2. Data Types (`pointcloud` vs `pyg`)¶

Two molecular tensor representations are supported, set via the data_type config:

Type	Class	Description
`pointcloud`	`PointCloudDataset`	Dense tensor format with padding, used by standard EDM models.
`pyg`	`GraphDataset`	PyTorch Geometric graph format with edge indices, used by architectures like EGCL.

3. Node Featurization¶

You can compute graph or geometric features on-the-fly via node_feature_choice:

Geometric Features (atom_topological, atom_geom, atom_geom_v2, atom_geom_v2_trun, atom_geom_opt): Computed directly from 3D coordinates. Works with all loader types.
RDKit Scalar Features (['degree', 'formal_charge', 'hybridization', 'is_aromatic']): Requires RDKit mol blocks, meaning it only works if you compiled an ASE Database (via load_db).

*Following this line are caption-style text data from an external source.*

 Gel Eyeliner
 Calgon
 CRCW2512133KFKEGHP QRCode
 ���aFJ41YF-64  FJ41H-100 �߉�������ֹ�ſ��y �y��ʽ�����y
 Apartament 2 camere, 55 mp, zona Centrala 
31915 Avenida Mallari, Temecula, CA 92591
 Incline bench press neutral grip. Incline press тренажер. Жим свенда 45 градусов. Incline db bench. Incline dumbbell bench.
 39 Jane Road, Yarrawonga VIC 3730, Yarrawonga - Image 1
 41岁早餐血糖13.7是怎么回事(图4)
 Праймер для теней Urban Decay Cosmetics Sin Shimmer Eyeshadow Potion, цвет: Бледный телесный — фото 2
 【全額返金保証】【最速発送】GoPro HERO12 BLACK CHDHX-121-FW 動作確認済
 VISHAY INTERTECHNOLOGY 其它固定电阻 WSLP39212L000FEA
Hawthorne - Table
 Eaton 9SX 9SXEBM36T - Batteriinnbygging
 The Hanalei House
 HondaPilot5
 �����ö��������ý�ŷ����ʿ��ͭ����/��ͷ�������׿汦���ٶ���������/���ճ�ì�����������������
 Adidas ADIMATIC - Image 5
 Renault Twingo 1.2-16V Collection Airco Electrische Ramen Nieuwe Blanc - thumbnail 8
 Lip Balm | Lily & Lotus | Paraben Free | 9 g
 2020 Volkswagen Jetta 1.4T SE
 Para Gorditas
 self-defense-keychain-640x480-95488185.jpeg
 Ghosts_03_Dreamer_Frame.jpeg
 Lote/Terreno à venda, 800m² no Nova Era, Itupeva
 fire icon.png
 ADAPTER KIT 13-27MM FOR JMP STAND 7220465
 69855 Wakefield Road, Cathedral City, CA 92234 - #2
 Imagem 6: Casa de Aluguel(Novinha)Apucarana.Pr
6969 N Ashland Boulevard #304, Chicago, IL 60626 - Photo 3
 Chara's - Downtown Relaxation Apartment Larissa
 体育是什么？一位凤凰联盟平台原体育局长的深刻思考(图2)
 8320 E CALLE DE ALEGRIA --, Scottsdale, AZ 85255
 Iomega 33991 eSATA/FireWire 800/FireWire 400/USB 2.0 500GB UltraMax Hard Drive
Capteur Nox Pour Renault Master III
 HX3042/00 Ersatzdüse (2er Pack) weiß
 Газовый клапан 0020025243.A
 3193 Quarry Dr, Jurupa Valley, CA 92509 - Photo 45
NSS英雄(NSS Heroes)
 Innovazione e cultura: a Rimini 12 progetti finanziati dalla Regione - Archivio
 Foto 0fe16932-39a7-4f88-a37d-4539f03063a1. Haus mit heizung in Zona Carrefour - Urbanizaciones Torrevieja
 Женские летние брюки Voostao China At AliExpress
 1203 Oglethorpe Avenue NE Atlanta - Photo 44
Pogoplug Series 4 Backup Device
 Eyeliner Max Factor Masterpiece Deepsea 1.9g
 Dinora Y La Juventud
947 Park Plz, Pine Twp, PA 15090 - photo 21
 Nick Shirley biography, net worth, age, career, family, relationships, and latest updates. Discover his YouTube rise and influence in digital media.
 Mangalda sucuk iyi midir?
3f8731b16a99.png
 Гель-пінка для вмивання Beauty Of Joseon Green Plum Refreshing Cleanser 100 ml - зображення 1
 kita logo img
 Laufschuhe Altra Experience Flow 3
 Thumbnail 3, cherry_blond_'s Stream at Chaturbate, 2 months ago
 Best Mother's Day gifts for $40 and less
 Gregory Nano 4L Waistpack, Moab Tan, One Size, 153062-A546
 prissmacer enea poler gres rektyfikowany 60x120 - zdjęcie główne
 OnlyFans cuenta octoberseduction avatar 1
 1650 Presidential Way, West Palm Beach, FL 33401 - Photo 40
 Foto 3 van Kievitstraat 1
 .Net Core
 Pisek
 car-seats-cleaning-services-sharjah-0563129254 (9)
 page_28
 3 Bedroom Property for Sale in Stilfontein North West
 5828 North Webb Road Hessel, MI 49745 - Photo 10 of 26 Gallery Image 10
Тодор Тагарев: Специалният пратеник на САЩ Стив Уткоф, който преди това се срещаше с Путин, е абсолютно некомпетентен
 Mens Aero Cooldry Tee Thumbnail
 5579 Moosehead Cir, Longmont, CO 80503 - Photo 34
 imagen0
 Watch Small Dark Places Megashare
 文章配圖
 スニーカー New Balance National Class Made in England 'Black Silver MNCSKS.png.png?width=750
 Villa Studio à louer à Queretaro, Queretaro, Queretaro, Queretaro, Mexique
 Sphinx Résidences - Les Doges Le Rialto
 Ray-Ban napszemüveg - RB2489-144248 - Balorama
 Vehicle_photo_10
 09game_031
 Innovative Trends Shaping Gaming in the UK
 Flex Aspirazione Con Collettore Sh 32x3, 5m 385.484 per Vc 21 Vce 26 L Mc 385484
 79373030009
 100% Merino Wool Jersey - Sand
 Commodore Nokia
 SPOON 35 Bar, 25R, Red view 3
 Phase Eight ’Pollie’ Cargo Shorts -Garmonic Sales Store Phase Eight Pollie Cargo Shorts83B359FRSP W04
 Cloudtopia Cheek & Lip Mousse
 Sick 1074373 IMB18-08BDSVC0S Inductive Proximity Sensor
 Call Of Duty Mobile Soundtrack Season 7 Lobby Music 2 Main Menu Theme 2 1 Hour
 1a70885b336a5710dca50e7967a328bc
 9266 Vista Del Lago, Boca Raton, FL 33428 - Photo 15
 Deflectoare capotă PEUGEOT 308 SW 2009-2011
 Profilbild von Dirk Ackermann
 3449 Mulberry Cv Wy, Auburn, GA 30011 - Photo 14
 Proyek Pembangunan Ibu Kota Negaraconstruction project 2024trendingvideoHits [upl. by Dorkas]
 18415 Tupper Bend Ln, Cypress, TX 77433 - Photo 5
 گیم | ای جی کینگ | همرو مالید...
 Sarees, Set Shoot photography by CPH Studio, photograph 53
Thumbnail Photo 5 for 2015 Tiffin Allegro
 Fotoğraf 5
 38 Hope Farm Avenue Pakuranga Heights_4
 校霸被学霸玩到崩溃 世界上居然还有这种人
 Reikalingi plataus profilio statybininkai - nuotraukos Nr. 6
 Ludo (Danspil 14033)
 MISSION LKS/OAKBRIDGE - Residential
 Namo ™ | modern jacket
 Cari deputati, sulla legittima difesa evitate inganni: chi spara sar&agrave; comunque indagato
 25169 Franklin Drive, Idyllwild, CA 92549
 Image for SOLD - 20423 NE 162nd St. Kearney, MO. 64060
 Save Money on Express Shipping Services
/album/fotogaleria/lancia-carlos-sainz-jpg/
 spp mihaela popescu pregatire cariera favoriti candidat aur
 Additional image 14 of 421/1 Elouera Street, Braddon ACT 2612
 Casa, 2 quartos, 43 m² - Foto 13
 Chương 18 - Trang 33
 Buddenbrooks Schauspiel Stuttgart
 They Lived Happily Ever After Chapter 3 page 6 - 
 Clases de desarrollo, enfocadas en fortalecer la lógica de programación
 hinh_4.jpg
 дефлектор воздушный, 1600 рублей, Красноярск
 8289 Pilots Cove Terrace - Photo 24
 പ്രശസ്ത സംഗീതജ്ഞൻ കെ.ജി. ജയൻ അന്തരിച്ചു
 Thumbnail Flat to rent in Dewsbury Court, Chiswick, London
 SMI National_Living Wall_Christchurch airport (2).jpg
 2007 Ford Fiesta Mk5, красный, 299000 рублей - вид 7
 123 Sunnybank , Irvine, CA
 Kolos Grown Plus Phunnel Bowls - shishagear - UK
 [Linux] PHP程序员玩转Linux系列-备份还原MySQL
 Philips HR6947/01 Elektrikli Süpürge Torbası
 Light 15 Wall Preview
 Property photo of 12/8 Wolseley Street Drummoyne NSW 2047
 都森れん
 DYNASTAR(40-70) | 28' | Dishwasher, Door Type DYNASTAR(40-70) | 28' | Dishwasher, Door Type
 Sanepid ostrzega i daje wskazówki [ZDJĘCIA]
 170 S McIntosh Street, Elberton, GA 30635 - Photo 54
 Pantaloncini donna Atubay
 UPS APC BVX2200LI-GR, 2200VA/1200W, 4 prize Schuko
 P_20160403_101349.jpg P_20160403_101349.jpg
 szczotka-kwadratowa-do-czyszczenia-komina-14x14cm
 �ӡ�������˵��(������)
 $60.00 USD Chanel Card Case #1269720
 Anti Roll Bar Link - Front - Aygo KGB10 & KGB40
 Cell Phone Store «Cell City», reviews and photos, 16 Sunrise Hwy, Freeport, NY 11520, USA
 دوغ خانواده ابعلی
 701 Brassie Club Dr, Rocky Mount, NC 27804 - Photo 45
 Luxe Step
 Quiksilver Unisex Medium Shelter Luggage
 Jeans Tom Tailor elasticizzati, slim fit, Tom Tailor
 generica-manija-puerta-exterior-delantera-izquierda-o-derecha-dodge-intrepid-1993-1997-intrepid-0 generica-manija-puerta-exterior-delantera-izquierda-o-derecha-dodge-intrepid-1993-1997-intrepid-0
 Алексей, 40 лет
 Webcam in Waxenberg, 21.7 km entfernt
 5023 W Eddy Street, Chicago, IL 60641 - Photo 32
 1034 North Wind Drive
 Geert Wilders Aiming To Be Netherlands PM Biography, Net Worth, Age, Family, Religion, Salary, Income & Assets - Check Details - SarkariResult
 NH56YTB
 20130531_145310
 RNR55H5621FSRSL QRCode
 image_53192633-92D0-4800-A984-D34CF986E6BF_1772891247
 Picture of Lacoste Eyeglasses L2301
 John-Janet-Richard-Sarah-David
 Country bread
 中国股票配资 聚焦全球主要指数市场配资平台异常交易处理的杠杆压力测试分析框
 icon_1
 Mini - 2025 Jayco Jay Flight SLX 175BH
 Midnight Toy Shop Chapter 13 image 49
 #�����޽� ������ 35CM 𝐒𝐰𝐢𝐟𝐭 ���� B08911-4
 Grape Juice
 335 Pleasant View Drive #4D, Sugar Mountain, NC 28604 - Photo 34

One-hot encoding of atom types is controlled separately via use_ohe_feature: true.

4. Example Data Configuration¶

Here is how you wire everything together in your experiment’s YAML file to train on the .db you created in Part 1:

data:
  _target_: MolecularDiffusion.runmodes.train.DataModule
  
  # 1. Point to your compiled database
  ase_db_path: data/augmented.db
  dataset_name: my_augmented_dataset  # Used to name the cached .pt file
  
  # 2. Representation
  data_type: pointcloud
  
  # 3. Features & Constraints
  use_ohe_feature: true
  node_feature_choice: geometric_fast
  atom_vocab: [H, C, N, O, F]
  max_atom: 29
  
  # 4. Training splits
  batch_size: 64
  train_ratio: 0.8

Note on Caching: The first time the engine runs, it parses your DB and caches the PyTorch tensors as data/processed_data_my_augmented_dataset.pt. To force a re-parse, simply delete this .pt file.